— RECORDS FOR THIS EXERCISE —
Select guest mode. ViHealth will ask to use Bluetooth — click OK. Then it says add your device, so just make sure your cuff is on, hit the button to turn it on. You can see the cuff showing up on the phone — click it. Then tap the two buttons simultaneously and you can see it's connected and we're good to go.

* * *

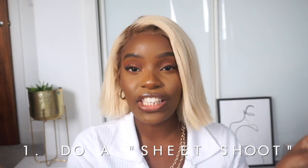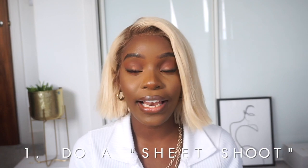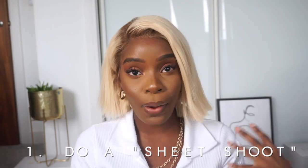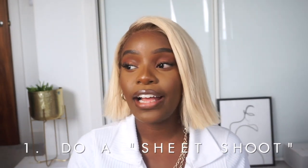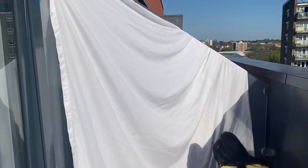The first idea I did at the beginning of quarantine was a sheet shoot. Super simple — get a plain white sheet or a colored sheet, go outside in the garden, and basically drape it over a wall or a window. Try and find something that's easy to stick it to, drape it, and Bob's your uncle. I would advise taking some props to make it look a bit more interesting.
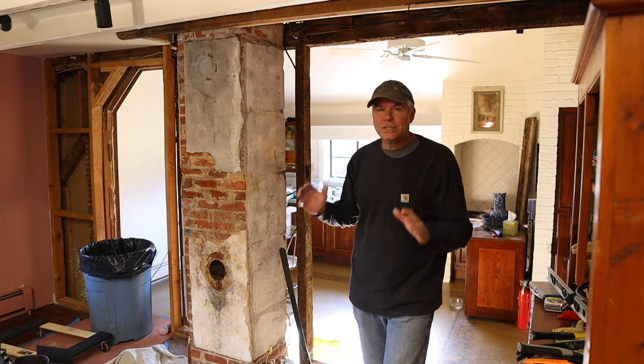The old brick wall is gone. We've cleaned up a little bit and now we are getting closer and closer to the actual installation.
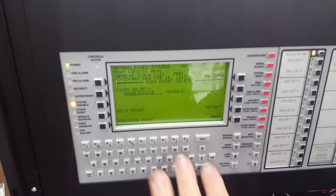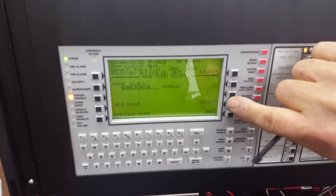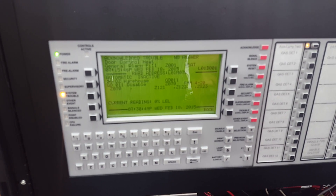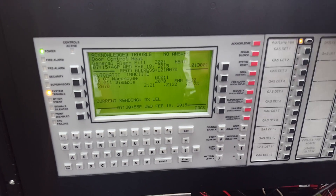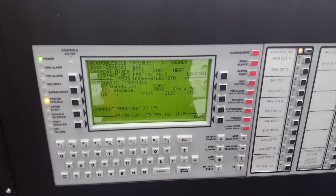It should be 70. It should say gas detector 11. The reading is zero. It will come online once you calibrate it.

--

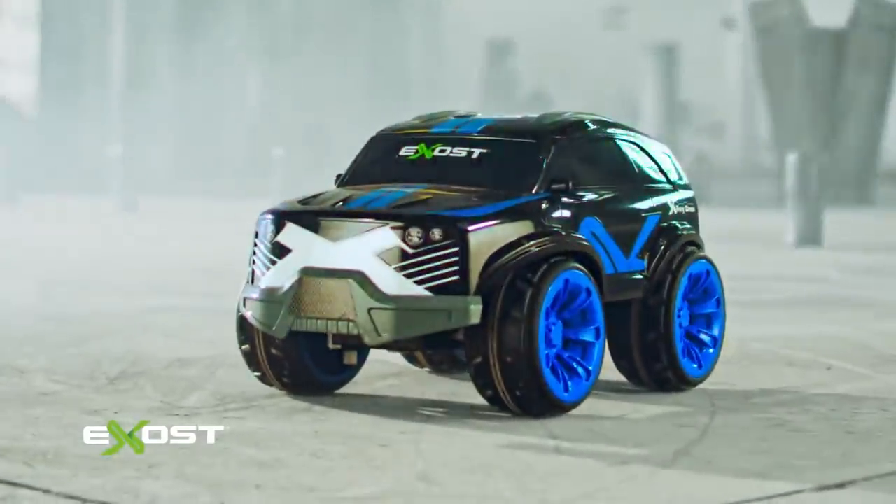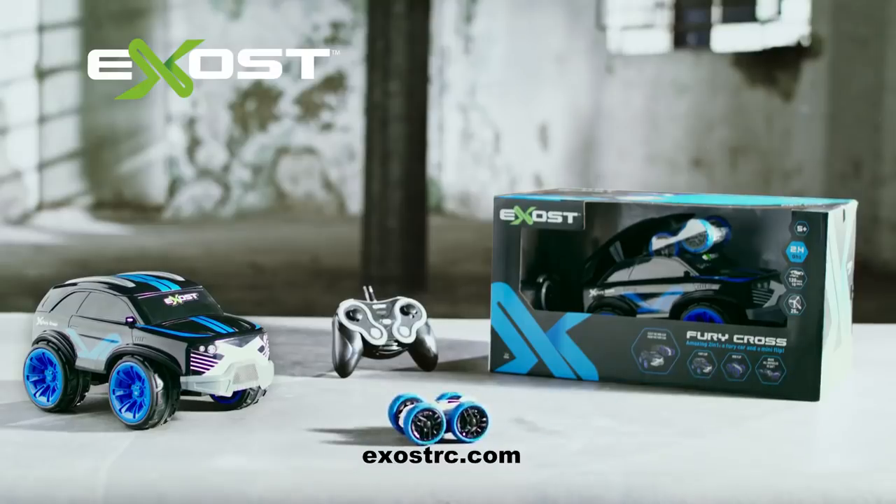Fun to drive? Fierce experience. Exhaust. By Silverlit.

— WORK TO COMPLETE —
Starting at the line that contains "The old brick" and ending at the line that contains "It should be", transcribe the material above exactly, excluding pictures.

— RESULT FOR THIS TASK —
The old brick wall is gone. We've cleaned up a little bit and now we are getting closer and closer to the actual installation.
It should be 70. It should say gas detector 11. The reading is zero. It will come online once you calibrate it.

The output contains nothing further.